Noon Position: 29.49.54W, 124.41.42W
Course: SW
Speed: 1 – 2 knots
Wind: Light and Variable
Sail: Big Jenny plus full main and “scandalized” with the stack pack for good measure
Bar: 1018
Sea: NW 1 – 2
Sky: Gray, still. Have not seen sun since slipping under the Golden Gate Bridge
Cabin Temp: 70
Water Temp: 67
Miles last 24-hours: 87
Miles since departure: 528
Ran all night with twins poled out, but in fact they caught little air. A devil’s orchestra, they whipped and banged in their frustration and so badly that I had, this morning, to cut away chafe on the port genoa sheet where the mad dog of a pole had chewed through the cover. Day four and I’m already dealing with chafe.
An hour before dawn, I woke to find Mo making E, a nice thought, but several thousand miles premature. What there was of wind had gone into the W, and so I doused the poles and have been flying the big genoa and main since. Wind went lightly S and then SE and then W again and we slowly boxed the compass in search of a heading everyone could agree on, a disorienting experience when the sky is flat gray.

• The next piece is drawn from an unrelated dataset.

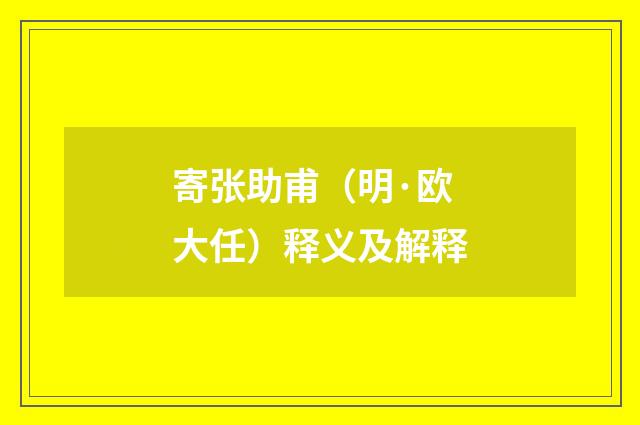 寄张助甫（明·欧大任）释义及解释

I’ve been at the tiller and sheets most of the day as this is no kind of weather for Monte.

This afternoon wind went WNW, variable 6 – 12, for three glorious hours. Monte was beside himself. He’d be happily sawing away on his fiddle back on the taffrail when Neptune would throw in a chord change. Wind would suddenly increase by 6 knots. He’d charge off WSW.

“Monte! Dude, we go south,!” I’d shout.
“What? I thought you wanted to go fast. Here is fast!” he’d shout back.
“Yes, fast *and* south.”
“Ah, but you see, Capitan, the music she does not always play in both directions.”

The wind seems to be driven by squalls but not of the kind I’ve ever seen before. These “squalls” are large and thin; they bring a smattering of rain and can take several hours to approach and pass.

The last one passed about four this afternoon, and now we are back to the cacophony of no wind.

May simply drop sails for the night.

Question: isn’t this where one might expect NE trades?

4 Comments on “The Music is Light and Variable

  1. Monte is a good shipmate to talk to. Very wise. Specializes in what’s possible.

  2. Too soon for trades, man, and maybe too far East. I once made the run from Socal to Panama with lots of light air and no NE trades. Hang in there!
    from Holy Grrail Howard

  3. Have the same problem with chafe with the poles on the sheet lines. Now add a carbon fibre sleeve at the sheet end and have no chafe. Hope you have some extra length on the sheet line. Wind will come….patience be damned I want wind now!